PROBLEM. Reproduce, from the lines below, exactly the stretch that begins at the line containing "Yemekle İlişkinizi İyileştirin" and ends at the line containing "定远全面解析公积金提取材料与流程，助您轻松办理！", both included.

DATASET EXCERPTS.
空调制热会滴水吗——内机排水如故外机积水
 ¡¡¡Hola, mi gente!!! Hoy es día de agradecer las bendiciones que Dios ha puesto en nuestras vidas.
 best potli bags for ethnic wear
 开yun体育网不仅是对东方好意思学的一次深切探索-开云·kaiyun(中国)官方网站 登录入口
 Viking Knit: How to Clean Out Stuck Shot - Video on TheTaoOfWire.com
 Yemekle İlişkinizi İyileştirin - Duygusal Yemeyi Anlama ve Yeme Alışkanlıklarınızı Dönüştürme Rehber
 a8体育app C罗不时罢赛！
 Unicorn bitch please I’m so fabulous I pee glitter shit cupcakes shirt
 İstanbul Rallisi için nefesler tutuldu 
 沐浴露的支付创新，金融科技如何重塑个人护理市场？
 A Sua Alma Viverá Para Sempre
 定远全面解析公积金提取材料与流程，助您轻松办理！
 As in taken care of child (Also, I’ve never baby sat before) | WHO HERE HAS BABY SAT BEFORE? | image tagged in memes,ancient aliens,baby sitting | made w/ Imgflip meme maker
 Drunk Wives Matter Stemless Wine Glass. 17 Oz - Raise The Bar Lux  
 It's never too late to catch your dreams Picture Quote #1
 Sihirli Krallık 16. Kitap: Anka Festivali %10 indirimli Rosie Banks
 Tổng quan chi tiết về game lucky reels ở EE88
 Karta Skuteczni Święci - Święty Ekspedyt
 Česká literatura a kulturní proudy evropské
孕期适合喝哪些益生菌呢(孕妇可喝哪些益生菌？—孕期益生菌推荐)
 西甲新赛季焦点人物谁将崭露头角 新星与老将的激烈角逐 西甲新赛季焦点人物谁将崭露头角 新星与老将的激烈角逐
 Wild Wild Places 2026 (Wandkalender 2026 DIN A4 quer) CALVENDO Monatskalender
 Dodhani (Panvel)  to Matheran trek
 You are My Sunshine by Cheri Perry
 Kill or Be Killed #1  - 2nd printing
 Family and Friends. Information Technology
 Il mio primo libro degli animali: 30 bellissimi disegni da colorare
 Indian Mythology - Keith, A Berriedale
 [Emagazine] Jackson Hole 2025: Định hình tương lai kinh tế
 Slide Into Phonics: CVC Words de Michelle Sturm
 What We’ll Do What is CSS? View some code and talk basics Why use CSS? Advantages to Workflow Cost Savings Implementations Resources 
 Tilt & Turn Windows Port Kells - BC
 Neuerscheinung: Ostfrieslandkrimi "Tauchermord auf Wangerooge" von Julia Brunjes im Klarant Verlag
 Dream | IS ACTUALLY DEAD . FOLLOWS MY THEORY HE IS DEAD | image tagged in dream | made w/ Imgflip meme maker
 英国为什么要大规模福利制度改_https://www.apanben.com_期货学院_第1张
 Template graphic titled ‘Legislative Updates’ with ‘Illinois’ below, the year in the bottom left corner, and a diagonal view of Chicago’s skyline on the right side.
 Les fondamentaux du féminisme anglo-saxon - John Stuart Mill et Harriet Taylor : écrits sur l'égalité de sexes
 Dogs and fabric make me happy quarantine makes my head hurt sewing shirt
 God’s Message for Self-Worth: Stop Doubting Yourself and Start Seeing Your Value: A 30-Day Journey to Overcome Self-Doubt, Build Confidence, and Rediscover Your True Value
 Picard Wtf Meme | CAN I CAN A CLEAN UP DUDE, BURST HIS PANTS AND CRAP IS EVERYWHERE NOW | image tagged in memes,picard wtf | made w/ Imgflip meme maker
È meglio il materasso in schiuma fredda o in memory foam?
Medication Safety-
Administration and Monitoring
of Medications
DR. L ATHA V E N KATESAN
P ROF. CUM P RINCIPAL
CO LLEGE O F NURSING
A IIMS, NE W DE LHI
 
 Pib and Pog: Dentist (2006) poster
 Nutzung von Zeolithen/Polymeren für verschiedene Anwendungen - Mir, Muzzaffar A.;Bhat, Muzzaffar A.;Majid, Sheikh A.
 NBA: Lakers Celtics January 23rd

TASK OUTPUT.
 Yemekle İlişkinizi İyileştirin - Duygusal Yemeyi Anlama ve Yeme Alışkanlıklarınızı Dönüştürme Rehber
 a8体育app C罗不时罢赛！
 Unicorn bitch please I’m so fabulous I pee glitter shit cupcakes shirt
 İstanbul Rallisi için nefesler tutuldu 
 沐浴露的支付创新，金融科技如何重塑个人护理市场？
 A Sua Alma Viverá Para Sempre
 定远全面解析公积金提取材料与流程，助您轻松办理！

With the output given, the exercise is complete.